Every business or ministry had a reason for its beginning. In the mind of the executive or ministry leader, there was a specific reason for launch. At the root of their existence was a service to be provided; whether it was for profit or not. In the beginning, it is very clear what the purpose and mission is. It is very easy to hold onto it. Over time however, the organization begins to make decisions and set priorities that pull them away from the original mission which causes a blurring of the lines. In the military community this phenomenon is known as mission creep. It is the broadening of the mission beyond the original goals and objectives. In the secular world it goes by a different name: mission drift. Peter Greer and Chris Horst, both serving with HOPE International have written a new book dealing with this very issue. “Mission Drift; The Unspoken Crisis Facing Leaders, Charities, and Churches” is their contribution to the defeat of this silent killer.
Mission Drift can be defined as the gradual movement of a business or ministry away from its founding principles and mission. This is the natural tendency of any business or ministry. The authors begin their explanation of mission drift by providing a case study. They highlighted Harvard and Yale. Both Ivy League schools were, at their inception, schools dedicated to the training and equipping of pastors in the proclamation of the gospel. Fast forwarding to the current day, we see these two institutions have drifted from their distinctively Christian founding. Greer and Horst smartly weave stories of other companies who drifted from their original mission. Mission Drift organizations include Harvard, Yale, Big Idea® (Veggie Tales), Child Fund®, YMCA®, Pew Trusts®, and United Airlines®. The authors introduce another phrase into the discussion early on: mission true. Mission True organizations protect their identity and remain faithful to their founding principles/mission. In an attempt to educate organizations on how to remain true to their mission, Greer and Horst offer thirteen characteristics of Mission True organizations. A sample of those characteristics are that these organizations make hard decisions to protect and propel their mission, assume they will drift and build safeguards against it, and boldly proclaim their core tenets to protect themselves from drift. At the end of each chapter, there are steps to carrying out the given instruction. Examples of Mission True organizations are HOPE International ®, Intervarsity®, Young Life®, Cru®, and Buck Knives®.

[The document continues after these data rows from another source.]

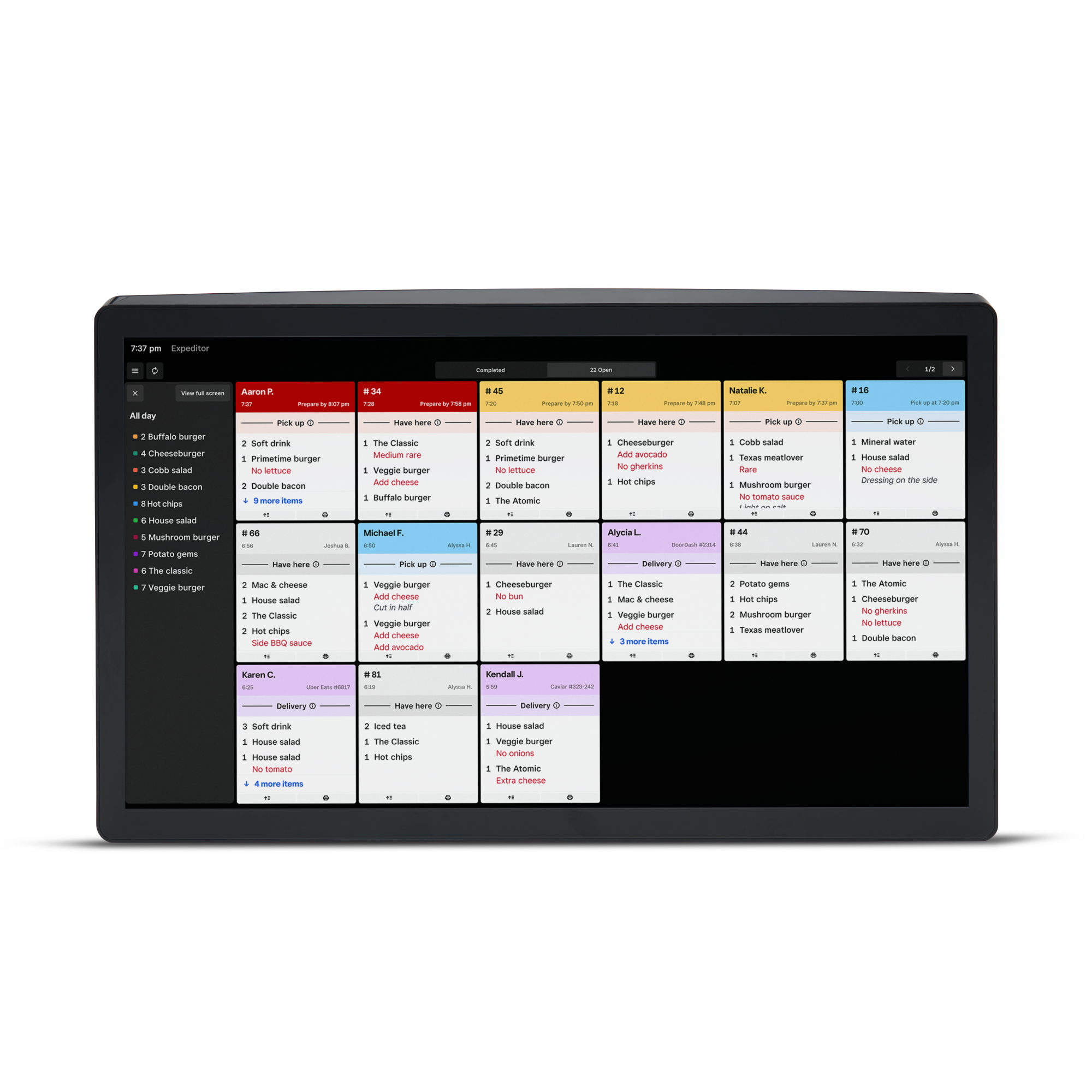 キッチンディスプレイ　スクエア専用 Kitchen Touchscreen Display 21.5″ | Square Shop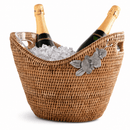 Orchids Hand Woven Rattan Champagne Ice Tub - BlueJay Avenue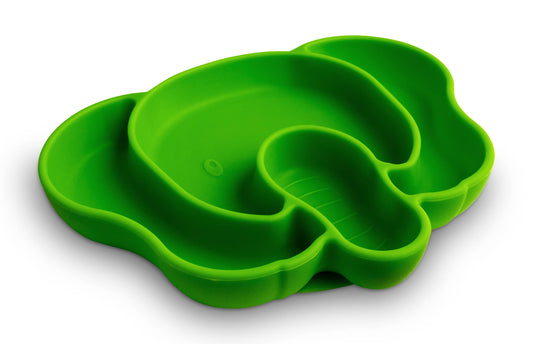 Think - Suction Plate Green Elephant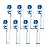 Replacement Brush Heads Compatible with Oral B- Double Clean Design, Double Clean Brush Heads, Compatible with Braun Oral-B Dual Clean Electric Toothbrush (8-Pack)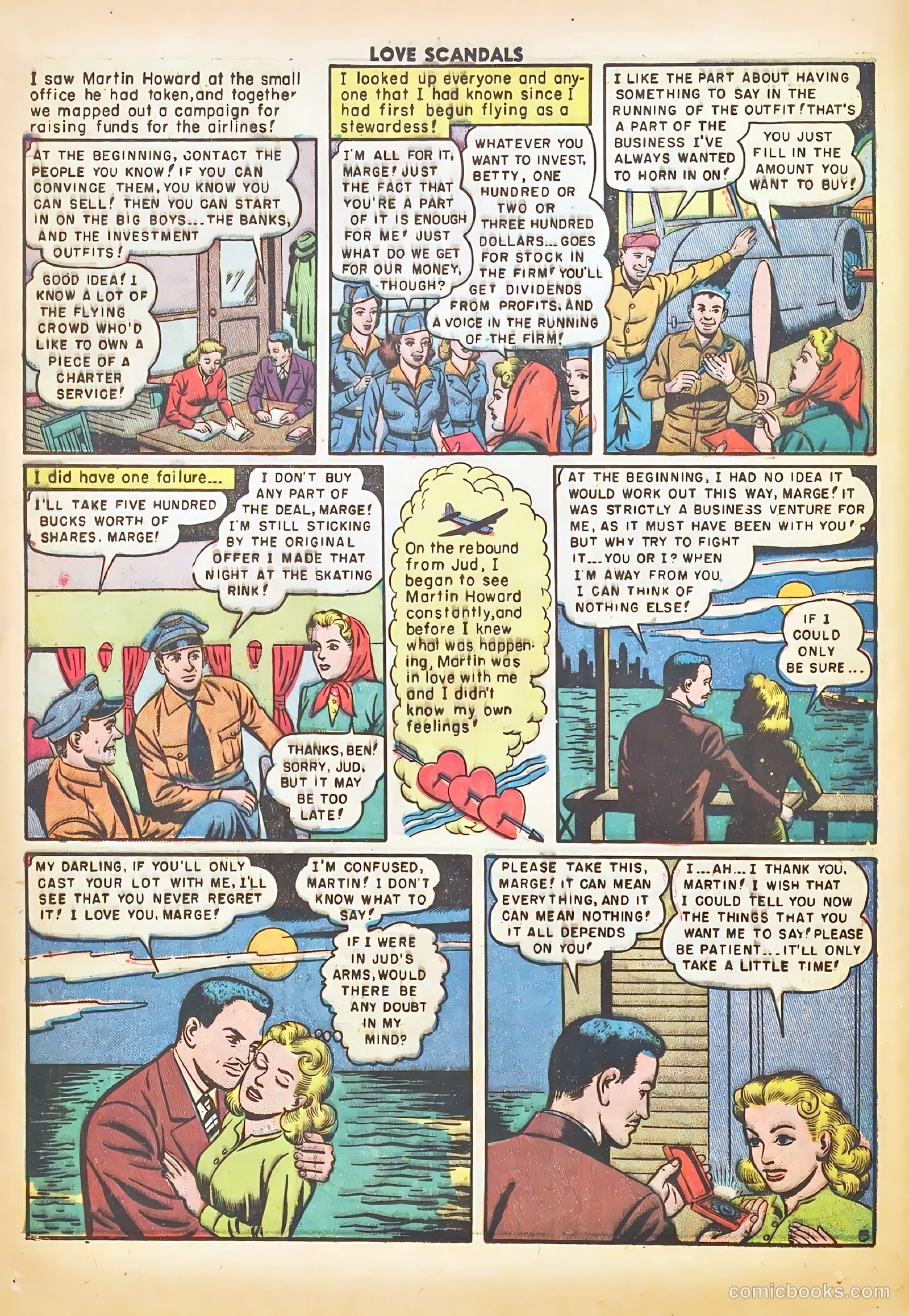 Love Scandals #4 (1950) — page 16 of 51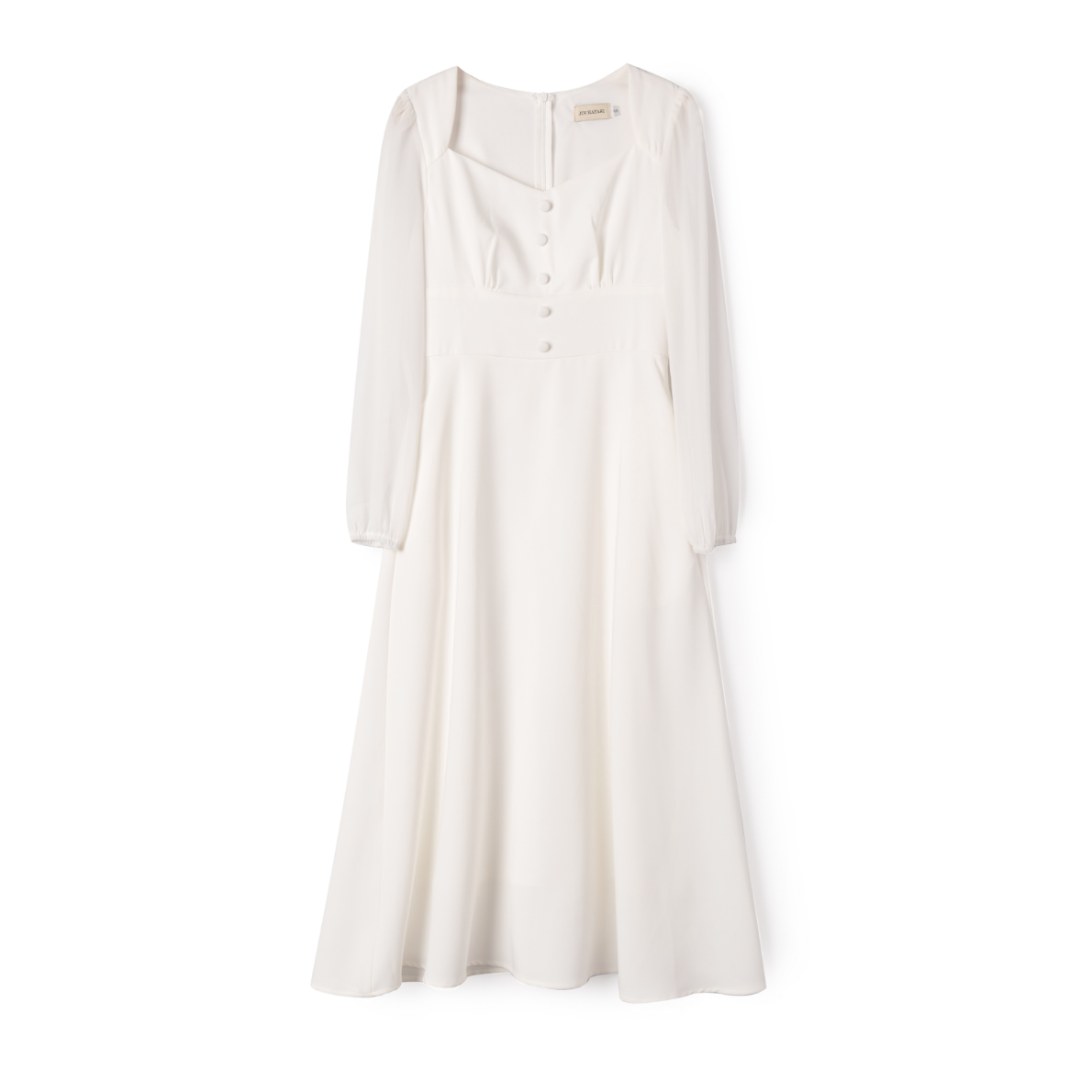 Nova French Midi Dress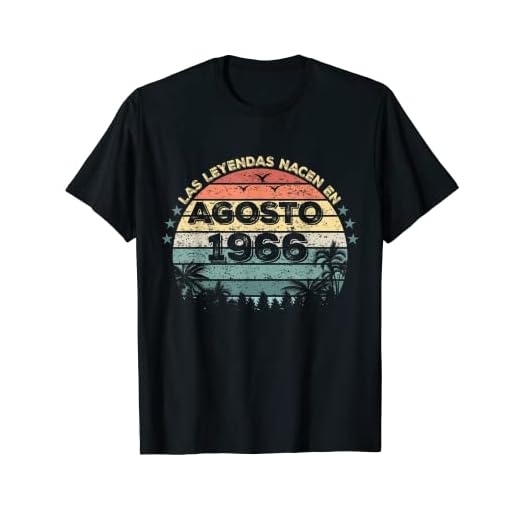 Las Leyendas nacen en Agosto 1966 56 cumpleaños Camiseta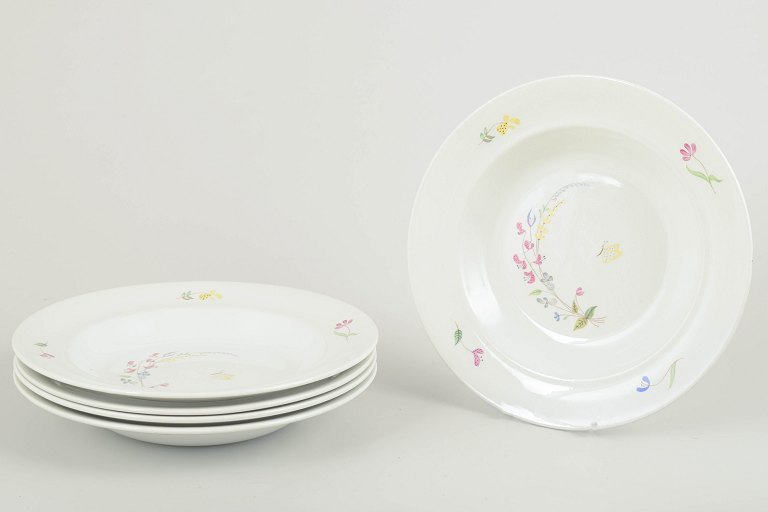Stig Lindberg for GustavsbergSet of five soup plates, “Haga” series, mid-20th century.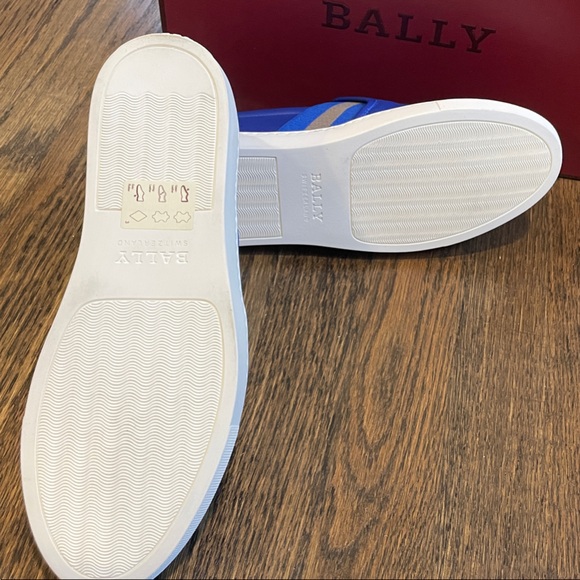 Vibrant Blue Slip-On Sneakers - Picture 4 of 6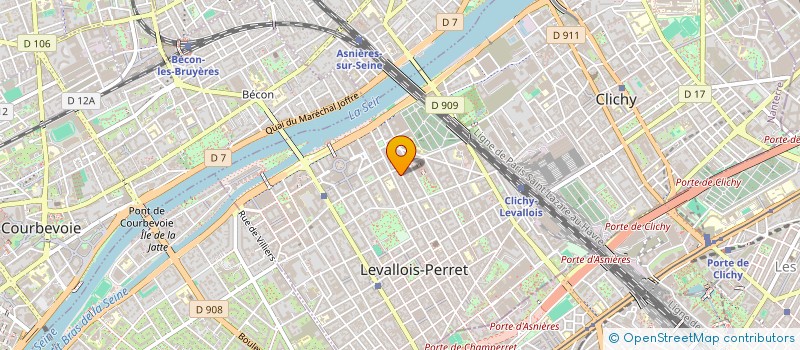 localisation de l'entreprise MONSIEUR FABRICE BERTE à LEVALLOIS-PERRET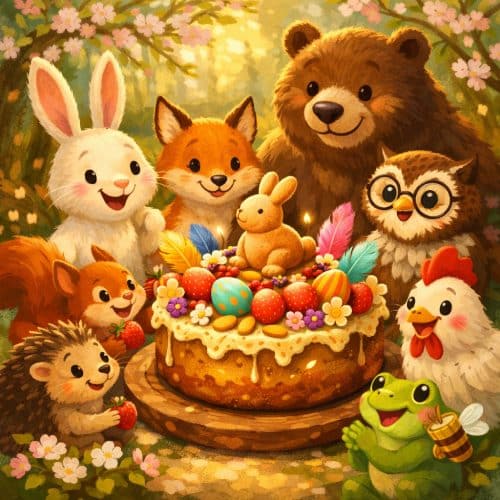 La mona de Pasqua del bosc - Conte infantil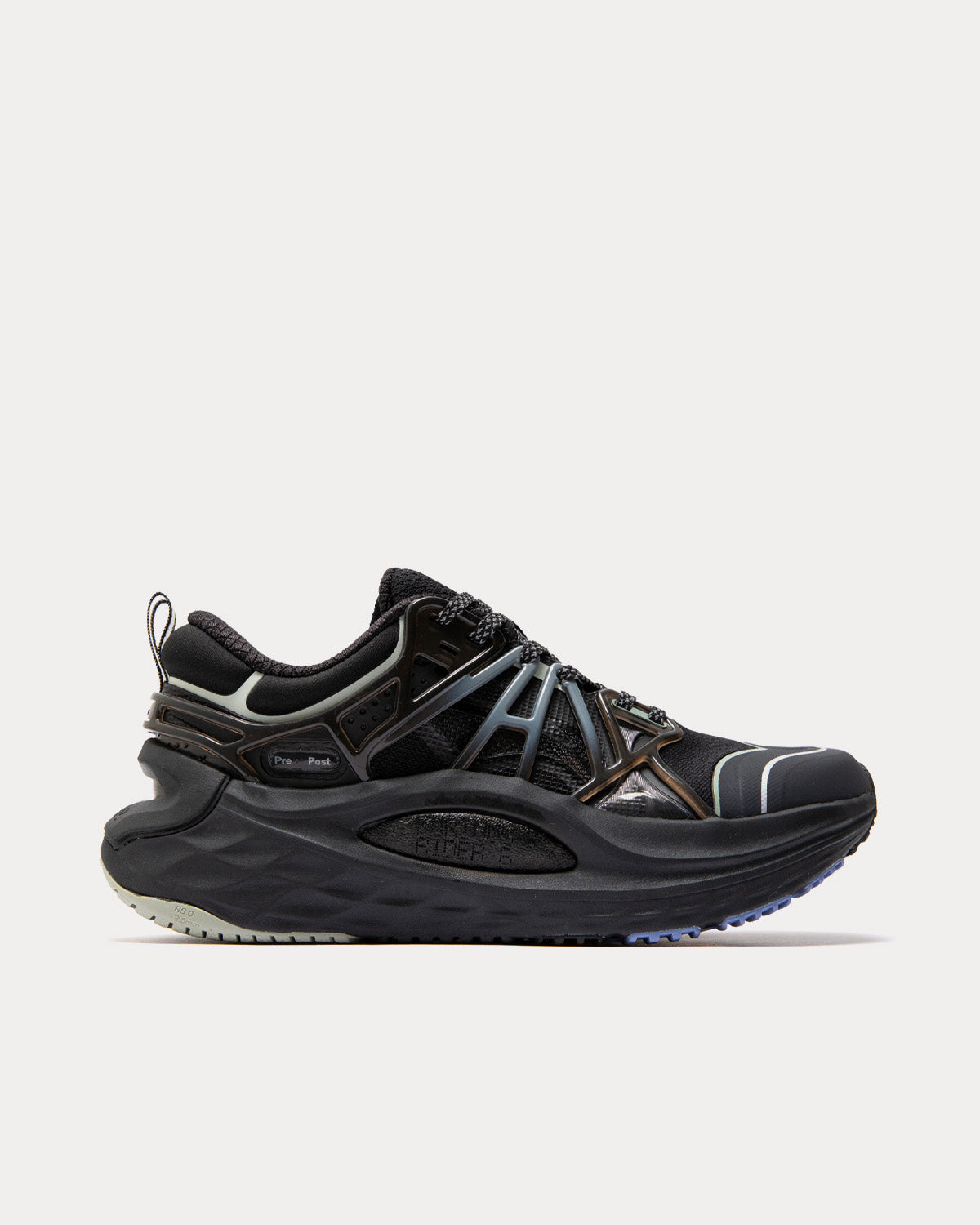 Li-Ning x Soulland Furious Rider Black Low Top Sneakers - 1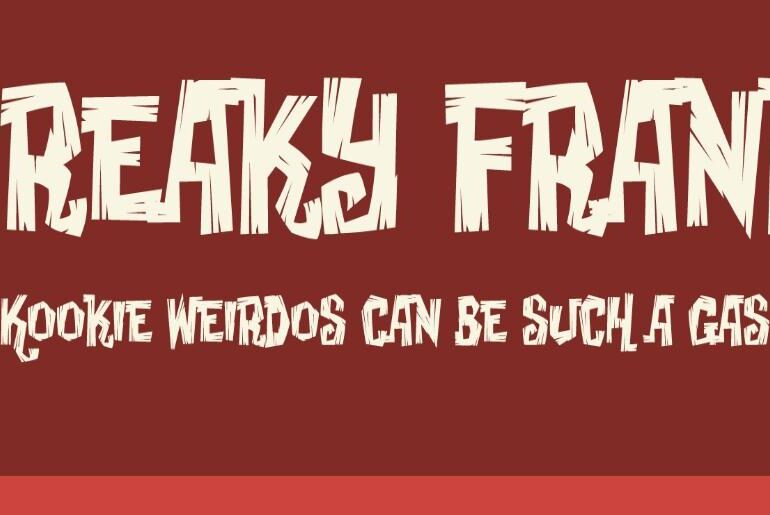 Creaky Frank Font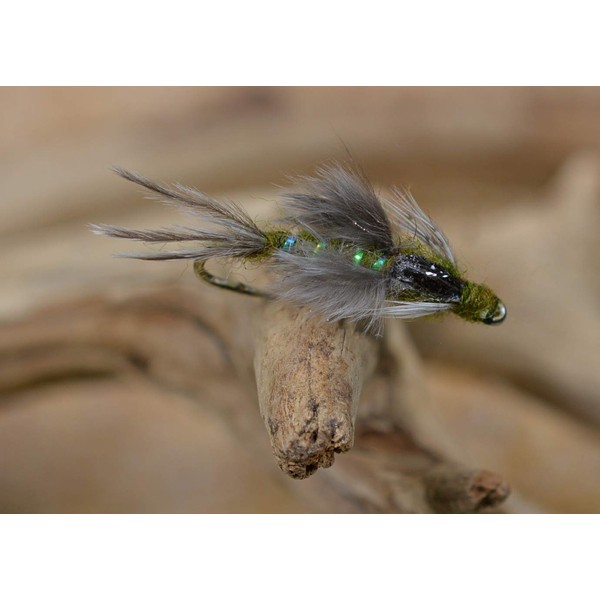 Region Fishing Callibaetis Poxyback Nymph Flies Tied on Mustad Signature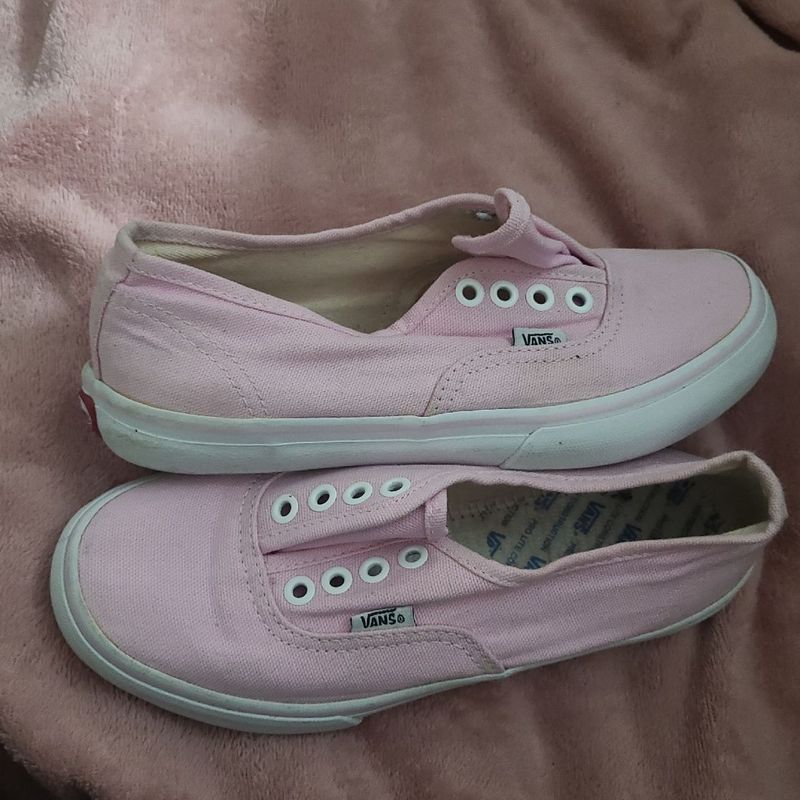 Vans authentic rosa bebe top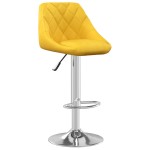 vidaXL Scaun de bar, galben muștar, catifea vidaXL Scaun de bar, galben muștar, catifea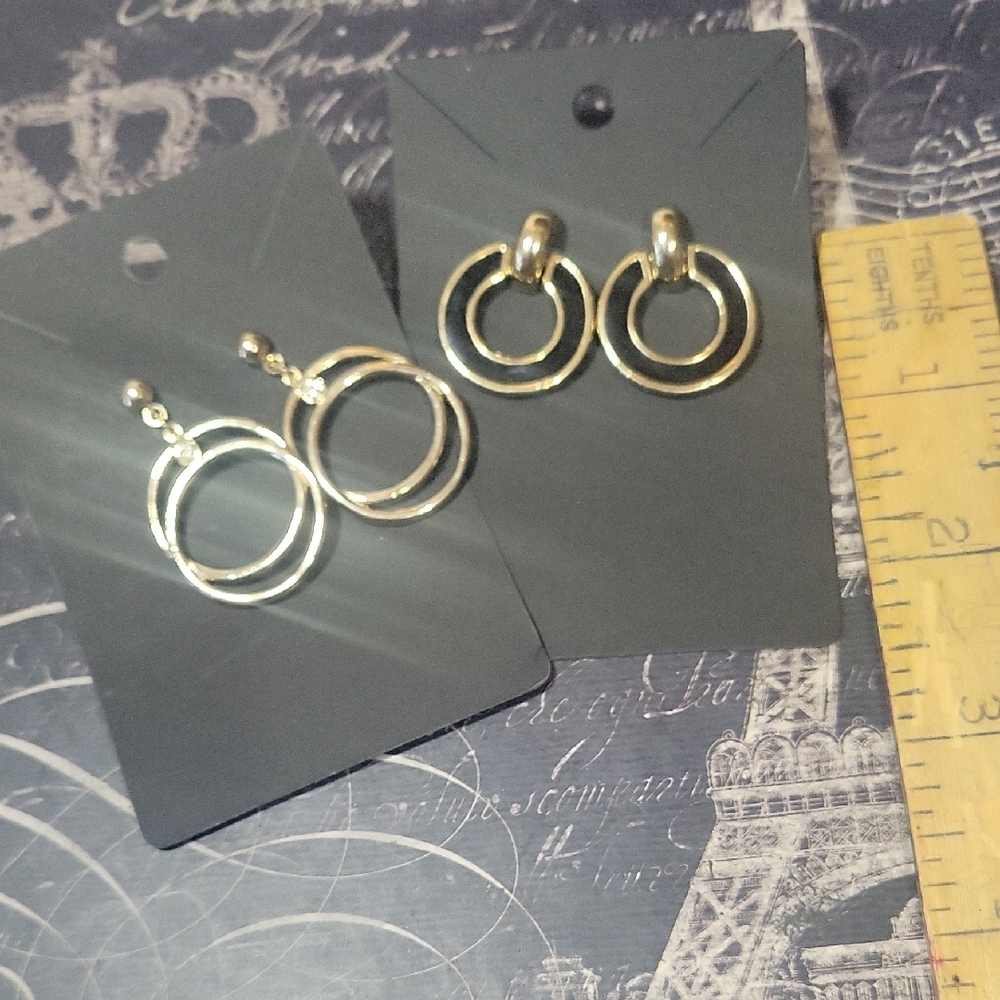 Gold Hoop Earring 2 sets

As a pastor, I can see the reality of this book. Knowing our true purpose, it is a challenging task to keep society and culture from dictating what we do. Greer and Horst have written a book that will serve organizations positively in their pursuit of remaining mission true. The authors close with this statement, “Today, you have the privilege of choosing which path your organization, church, and ministry will take. Will you follow the path toward Mission Drift or will you have the intentionality, courage, and resolve to follow a path of faithfulness?” A solid, helpful, and much-needed work. I would recommend this book to all organizational and ministry leaders.
Disclosure of Material Connection: I received this book free from Bethany House Publishers as part of their Blogger Review Program. I was not required to write a positive review. The opinions I have expressed are my own. I am disclosing this in accordance with the Federal Trade Commission’s 16 CFR, Part 255: “Guides Concerning the Use of Endorsements and Testimonials in Advertising.”